Devant ses juges mardi à Paris, le Marseillais "Tatane" feint de ne plus se souvenir qui l'a embrigadé dans la "carambouille" du siècle à la "taxe carbone". Christiane Melgrani, pivot charismatique du dossier, se lève: "C'est tout à son honneur. C'est moi".

Le tribunal correctionnel, qui juge le dossier du "carbone marseillais", volet le plus spectaculaire de cette escroquerie massive sur le marché des droits à polluer avec 385 millions d'euros éludés au fisc français, a débuté l'examen minutieux de la mise en place de l'escroquerie en se heurtant souvent à des trous de mémoire.
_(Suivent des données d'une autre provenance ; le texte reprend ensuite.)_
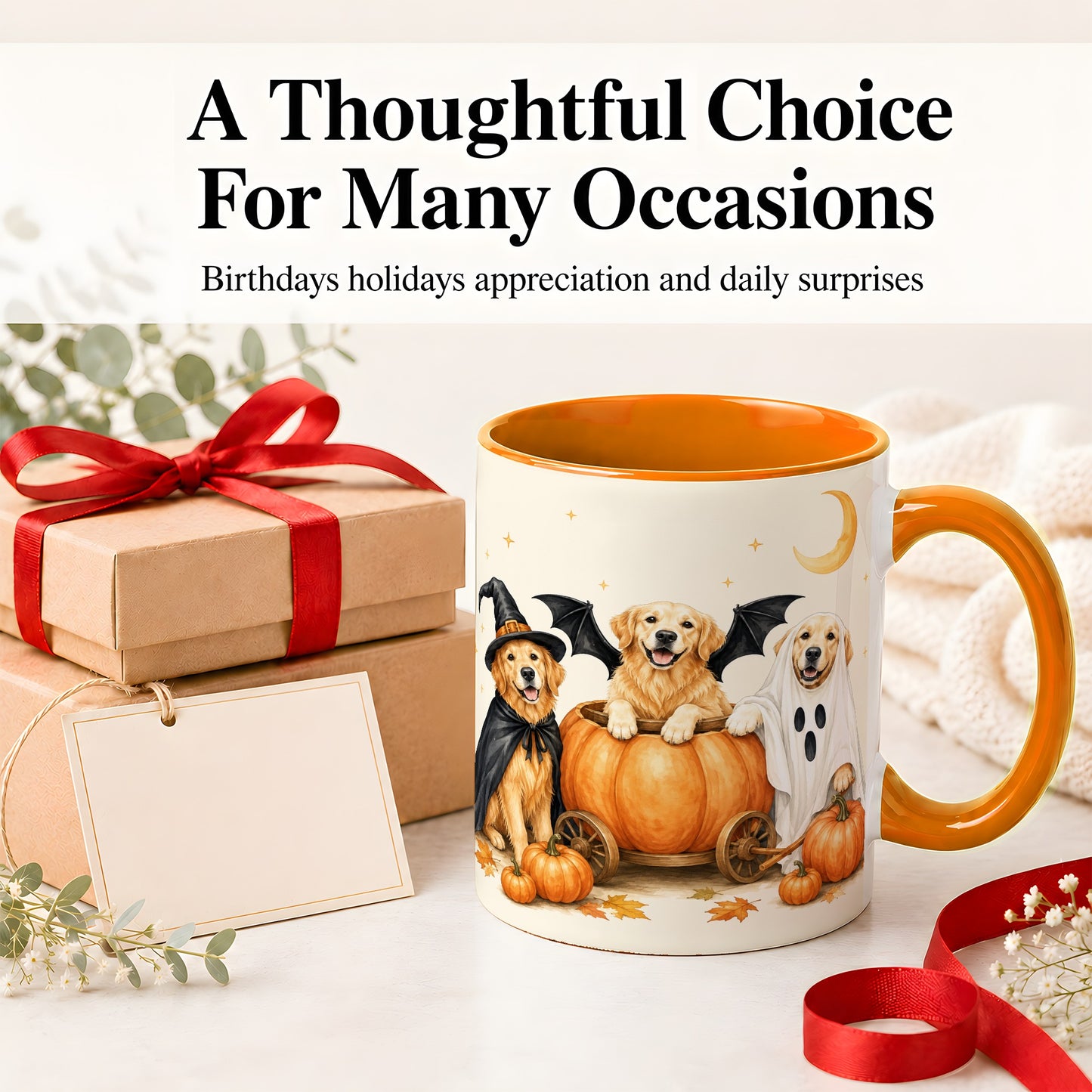 #pl[11oz|Orange] Halloween Golden Retriever Ceramic Mug, Costume Pumpkin Artwork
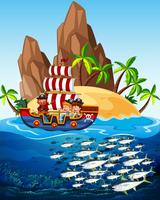 Scene with pirate ship and fish in the sea vector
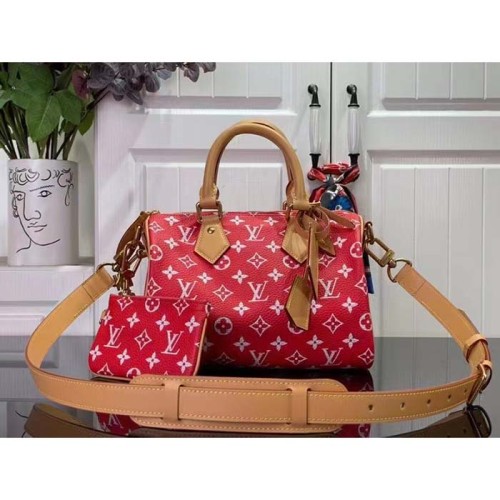 Louis Vuitton LV Unisex Speedy P9 Bandoulière 25 Red Soft Calfskin Natural Cowhide-Leather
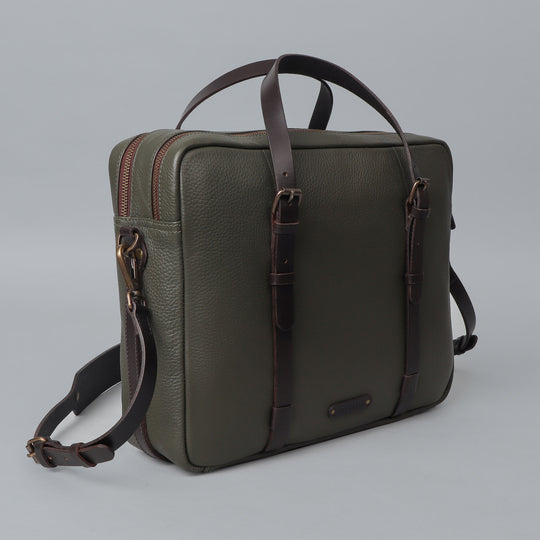 Green Leather briefcase for men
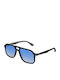 Police Unisex Sunglasses With Black Horn-Rimmed Frame And Blue Gradient Lens spln21 0700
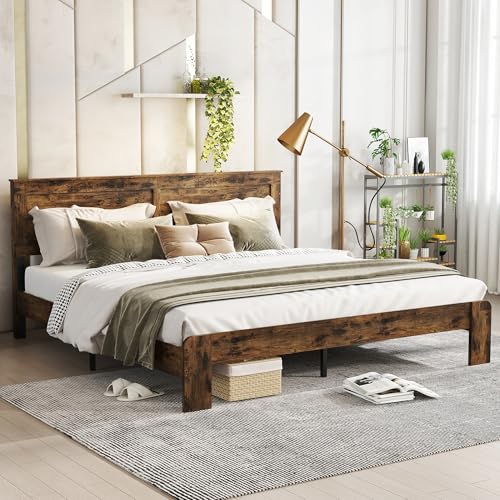 Image of Bellemave Rustic Vintage King Size Bed Frame with Headboard,Wooden Platform Bed Frame King Size with Wood Slats,Easy Assembly,Dark Brown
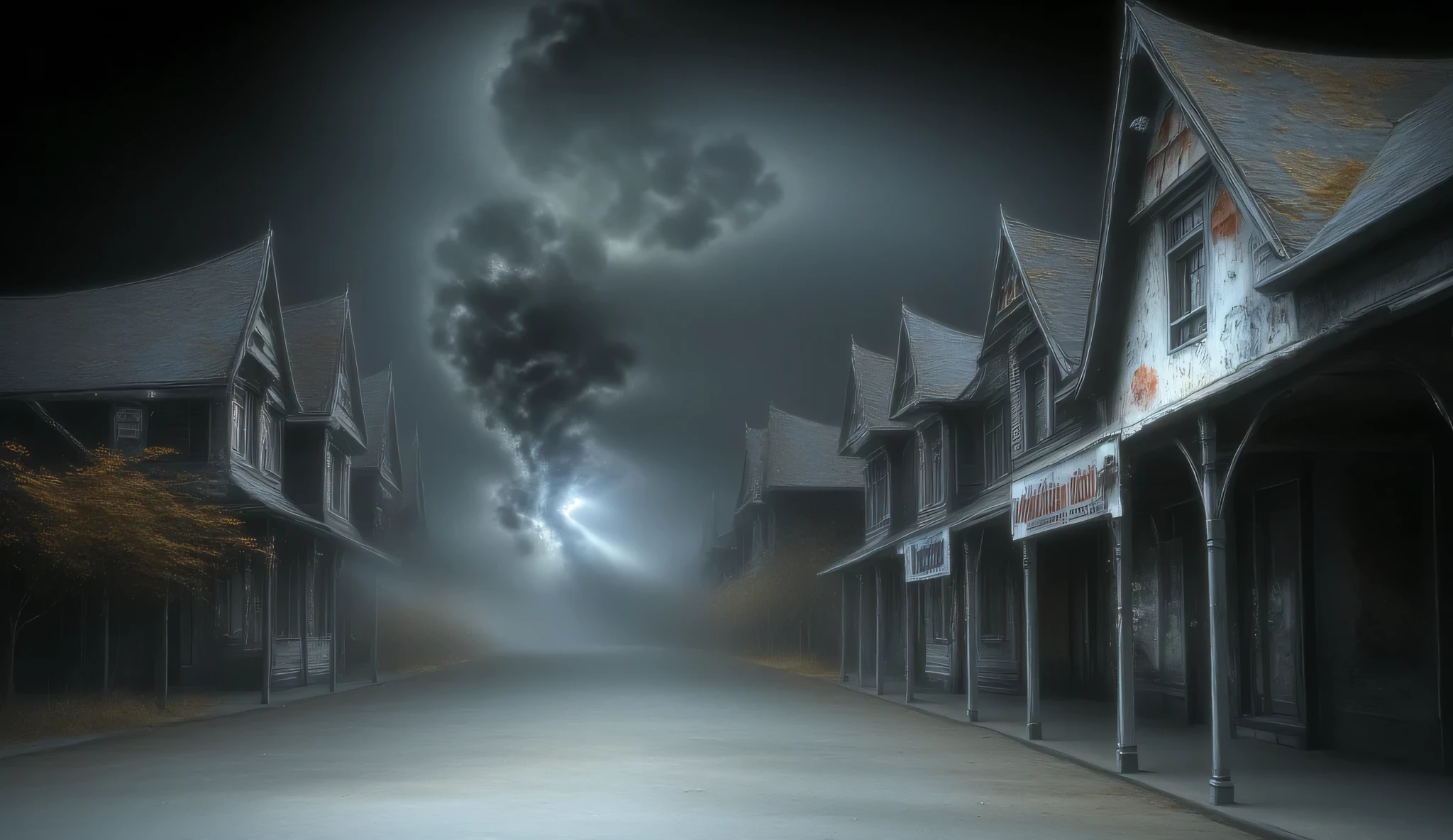 Nightmare, an abandoned town in the style of Silent Hill, darkness, fog, no light, spooky, lifeless, abandonment, liminal street background, dark surrealism, high detail, masterpiece.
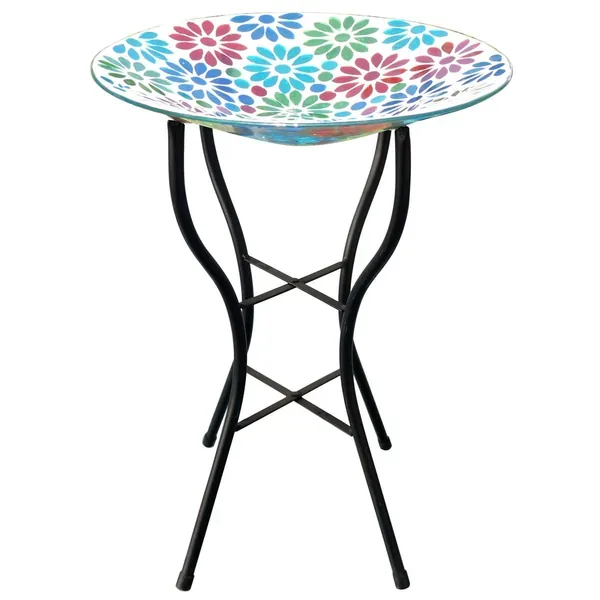 Gardener Select 14" Glass Birdbath Multi Color Geometric w/Stand - Image 2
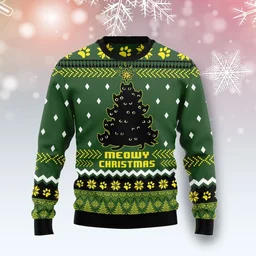 Black Cat Meowy Christmas Ugly Christmas Sweater Festive Clothing Xmas Gifts For Cat Lovers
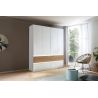 Armoire 181 cm WINDSOR avec 4 portes et 4 tiroirs en décor blanc mat et chene halifax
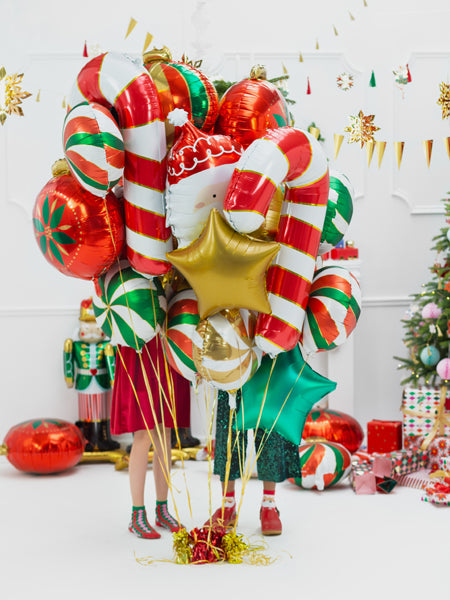 Balon foliowy Cukrowa laska, 50x82cm, czerwony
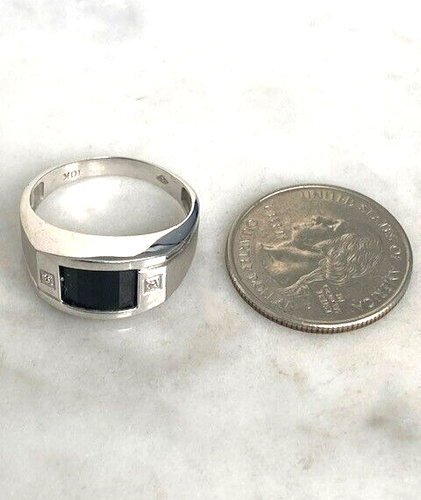 MEN'S WHITE GOLD AND FAETED ONYX RING SIZE 10.25 - Picture 10 of 11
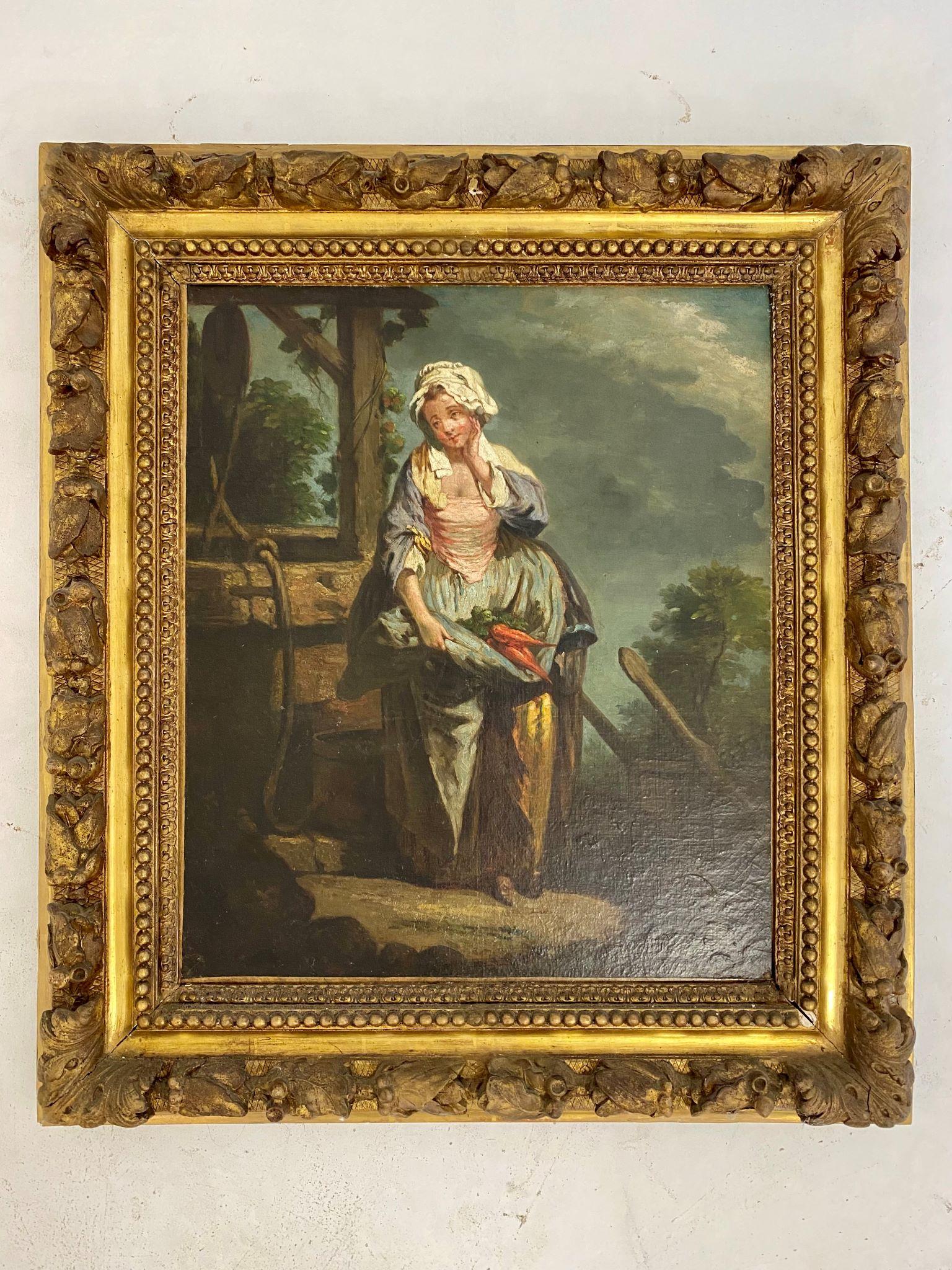 Framed oil painting in the 18th century gendre style 
circa 1840
Depicting French Provincial life.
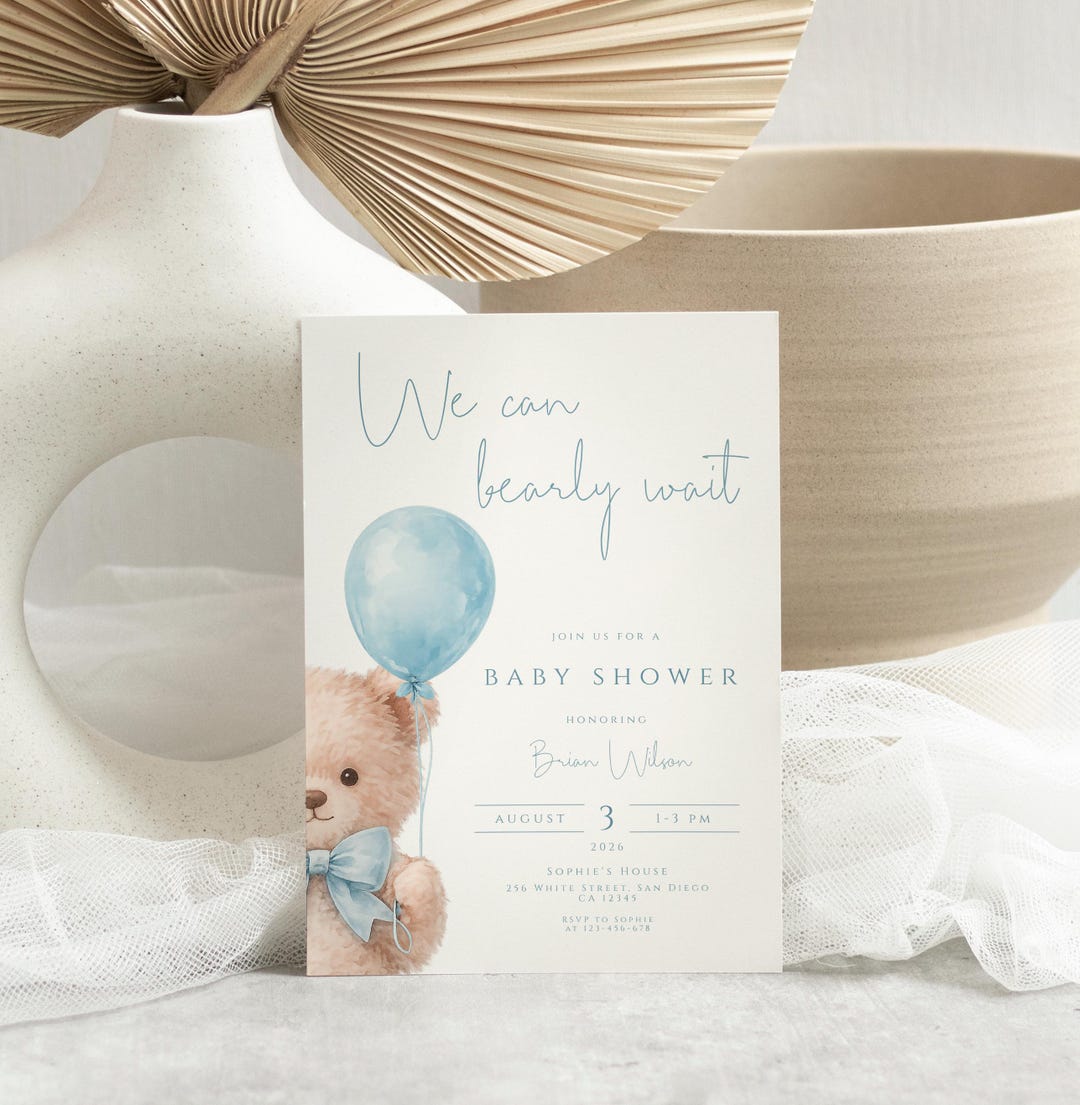 We Can Bearly Wait Baby Shower Invitation Blue Teddy Bear Boy Baby ...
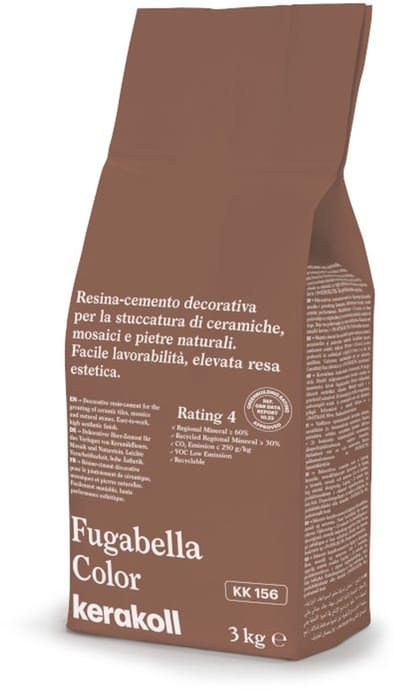 Kerakoll Fugabella Voegmiddel KK156 - Kleur 156 Bruin - 3 kg Voegmortel voor Tegels & Natuursteen - Verkrijgbaar in 50 Kleuren - Greenbuild rating 4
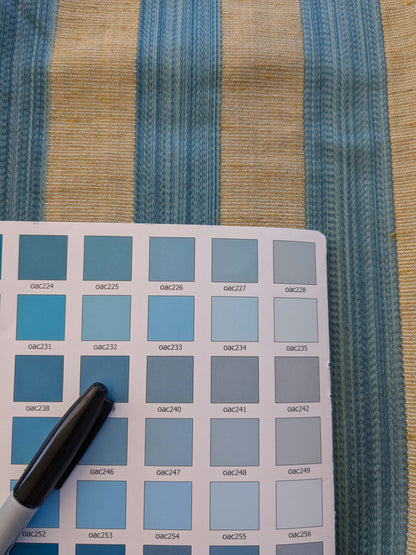 15 EV39 2.5y Scalamandre Fleur Des Indes Stripe Blue Beige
Cheveux gris et veste de cuir, Jean-René Benedetti a 75 ans, dont "vingt-cinq" passés en prison mais, dit-il, "jamais" pour de l'escroquerie ou du trafic de stupéfiants.

Il nie bien connaître Christiane Melgrani, ex-enseignante marseillaise soupçonnée d'être au cœur de la fraude, et affirme être seulement proche de "Gisèle", la mère de la compagne de celle-ci: "J'allais deux fois par semaine lui acheter des escargots".

La justice lui reproche d'avoir été un temps gérant d'une des sociétés matrices de l'escroquerie. Voix bourrue teintée d'un fort accent marseillais, bras agités, le retraité affirme, confus, qu'un inconnu lui avait demandé d'en prendre la gérance.

Christiane Melgrani se lève: "Il fait partie de l'ancienne école, c'est tout à son honneur. C'est moi".

Pour le reste, cet homme surnommé "Tatane", qui est allé ouvrir des comptes bancaires en Espagne pour cette société, ne se "rappelle pas" grand-chose.

- "Qui vous donnait des espèces pour remettre sur ce compte?", demande la présidente.

- "Ah, j'me rappelle plus !"

- "Vous êtes de l'ancienne école, Mme Melgrani a raison !"

L'un des deux procureurs du Parquet national financier s'agace:

- "Je ne parle que le parisien. Qu'est-ce que ça veut dire, en marseillais, +je sais plus+" ?

- "Je parle la même langue que vous", proteste Benedetti.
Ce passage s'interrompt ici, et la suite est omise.